INFORMATION GIVEN:
■ ■ ■ ■

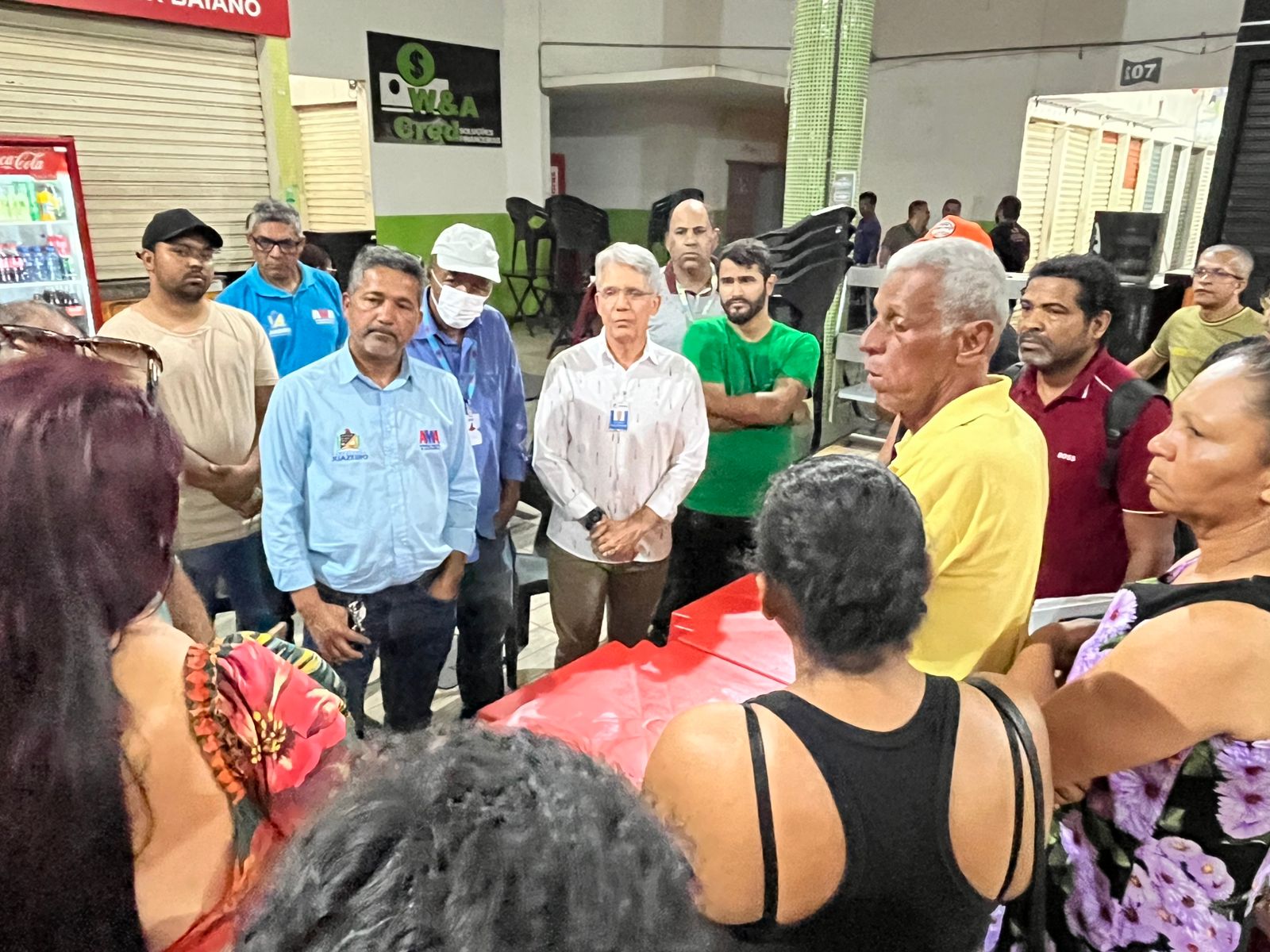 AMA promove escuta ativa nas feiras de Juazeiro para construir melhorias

■ ■ ■ ■

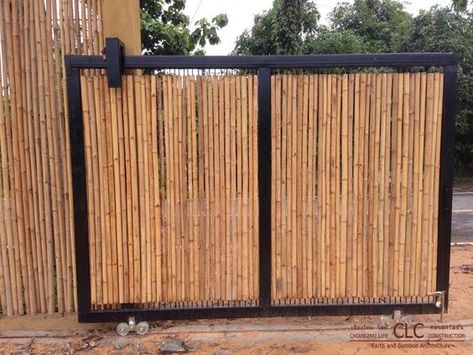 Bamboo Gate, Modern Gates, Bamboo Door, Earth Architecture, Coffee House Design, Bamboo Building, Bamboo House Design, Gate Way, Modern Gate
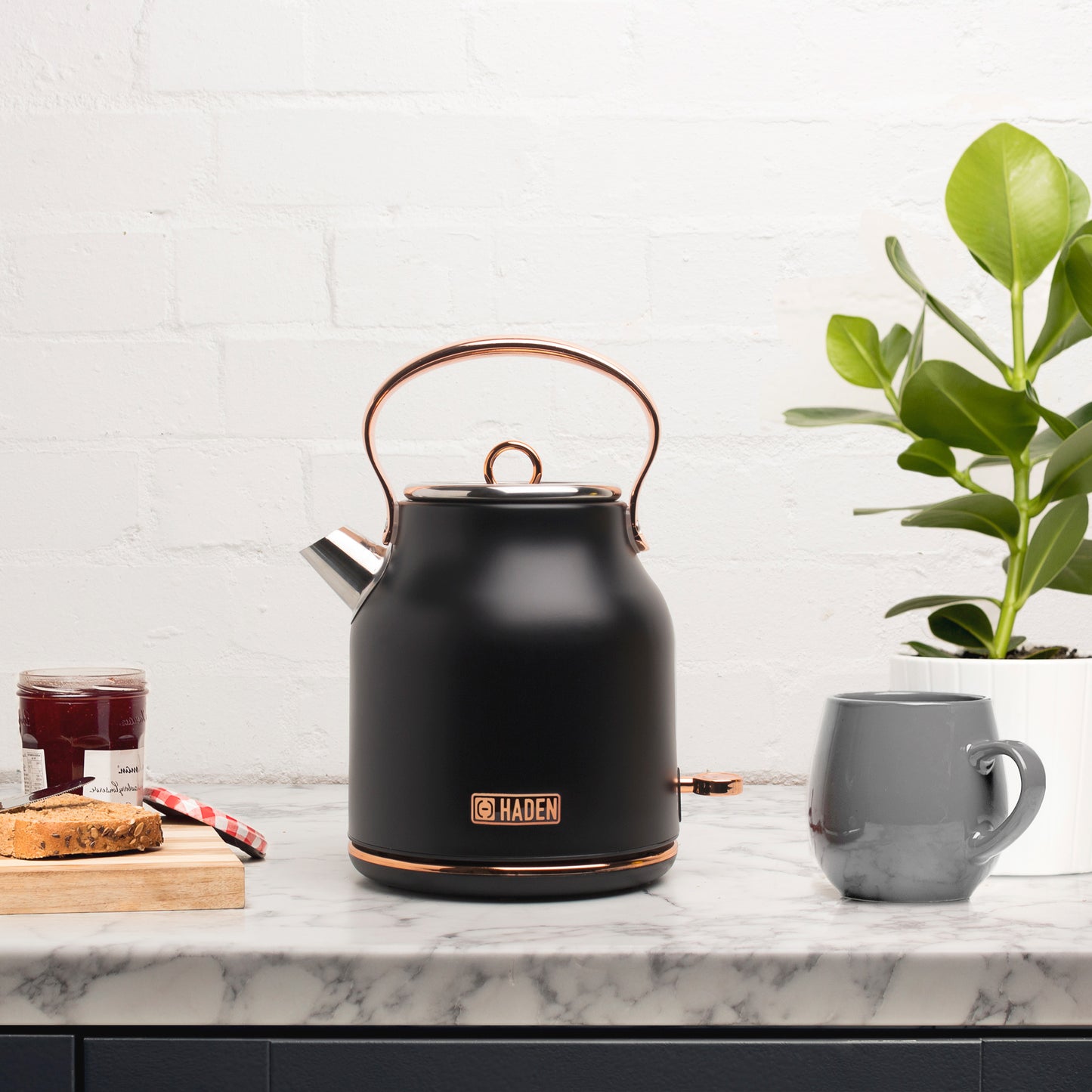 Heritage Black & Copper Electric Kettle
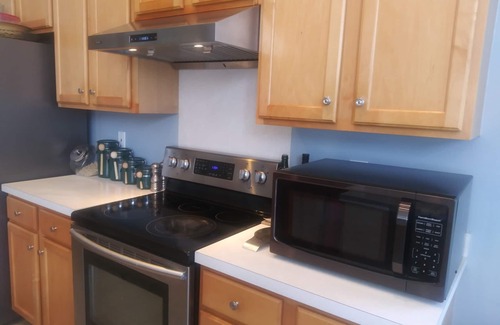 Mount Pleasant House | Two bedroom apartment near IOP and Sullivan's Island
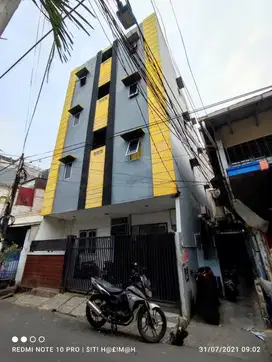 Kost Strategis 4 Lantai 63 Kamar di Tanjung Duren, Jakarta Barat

■ ■ ■ ■

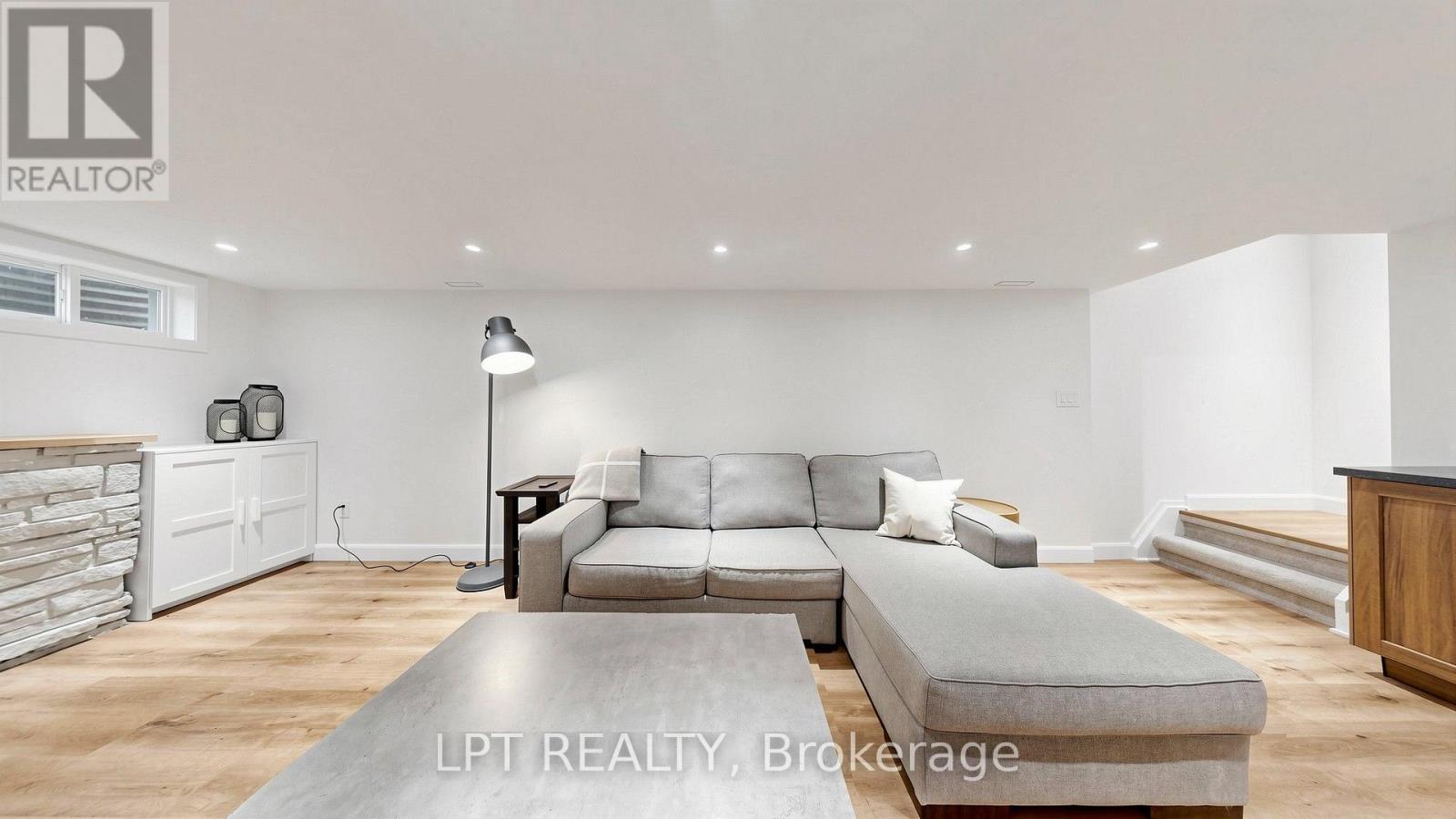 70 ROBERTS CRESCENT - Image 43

■ ■ ■ ■

WORK TO BE COMPLETED:
Copy out the listing above from the line containing "Heritage Black & Copper Electric Kettle" to the line containing "Kost Strategis 4", both included, exactly as written and minus the images.

COMPLETED EXERCISE:
 Heritage Black & Copper Electric Kettle
 Mount Pleasant House | Two bedroom apartment near IOP and Sullivan's Island
 Kost Strategis 4 Lantai 63 Kamar di Tanjung Duren, Jakarta Barat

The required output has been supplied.